During the 4 decades that Candido Cosello Sanchez spent in the seas, he witnessed many events and went through many experiences, but a recent incident in which a killer whale took part represented a new development that this captain did not undertake.

"I've never seen anything like this in my life," Sanchez recalls. "I have never met such an event for 40 years at sea, even though I as a sailor have seen many events."

The captain of a Spanish warship says he was two nautical miles from the coast of the Spanish town of Galicia when a group of whales appeared from inside the blue waters.

The ship’s crew members were quick to record this rare footage using their cell phones, and the sailors ’voices sounded in astonishment saying,“ Wow, what a colossal creature! ”
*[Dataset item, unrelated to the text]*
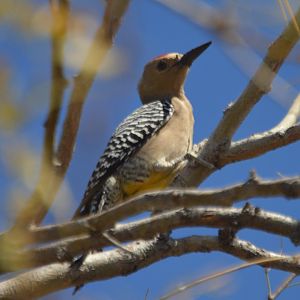 Melanerpes uropygialis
As the whales were retreating in the water, a sailor pointed to the sea, and said, "There, they are there, they are eating the rudder of our ship."

The crew of the ship, which includes a group of experienced sailors, was amazed, so they were accustomed to seeing killer whales.

Killer whales usually attack other marine creatures, and they devour tuna, herring, seals, penguins, sea birds, dolphins, other whales and sharks, but in the past they did not target humans and ships.

Revenge and revenge

However, this trend may be on the way to change, as the killer whales approached the warship "Mirvac" in August 2020, 6 attacks were recorded within two months in the Gibraltar Pass, 4 near the coast of Portugal, and then another attack. Near the coast of Galicia.

In addition, 15 accidents occurred a month after the "Mirvac" accident occurred off the northwest coast of Spain, according to local media.

Scientists are trying to understand the causes of the unusual attacks.

At least in these cases, geography can be significant, as killer whales migrate from the coast of Andalusia, Spain, during the summer, across Portuguese waters, to reach north to the Bay of Biscay on the west coast of France, in pursuit of tuna swarms.

Scientists say that it is known that killer whales are social creatures, and they mostly "just want to have fun." However, what is less clear is why there are so many of these sudden attacks by whales crashing into ships so hard that the crews lose control On ships and they are unable to run them, and the scientists have not come up with answers yet.

However, there is a strange theory to explain these incidents, which is revenge. Whales may be carrying out revenge operations, according to Victor Hernandez, researcher, environmental expert and award-winning author.

He explains that a group of 13 killer whales, led by a male whale, attacked the ships in response to an accident last July in the Strait of Gibraltar when two female whales were injured by the hooked spears that are used to hunt large marine creatures.

Corona

"The fishermen and crews of whale watching vessels have seen the injured whales, and told me about it," Hernandez told Deutsche Presse-Agentur.

For her part, Maria del Carmen Rodriguez - a biologist specializing in marine mammals - proposes a different theory, expressing her belief that whale attacks are just a response to the Corona pandemic.

"Maybe the killer whales have become accustomed to the calm that months brought in by the closure of the seas," she told Spanish radio station Kobe.

"In the summer, the loud noise returned again, while the volume of ship traffic increased. The noise may have annoyed the whales, angered them, and exposed them to a kind of pressure," she added.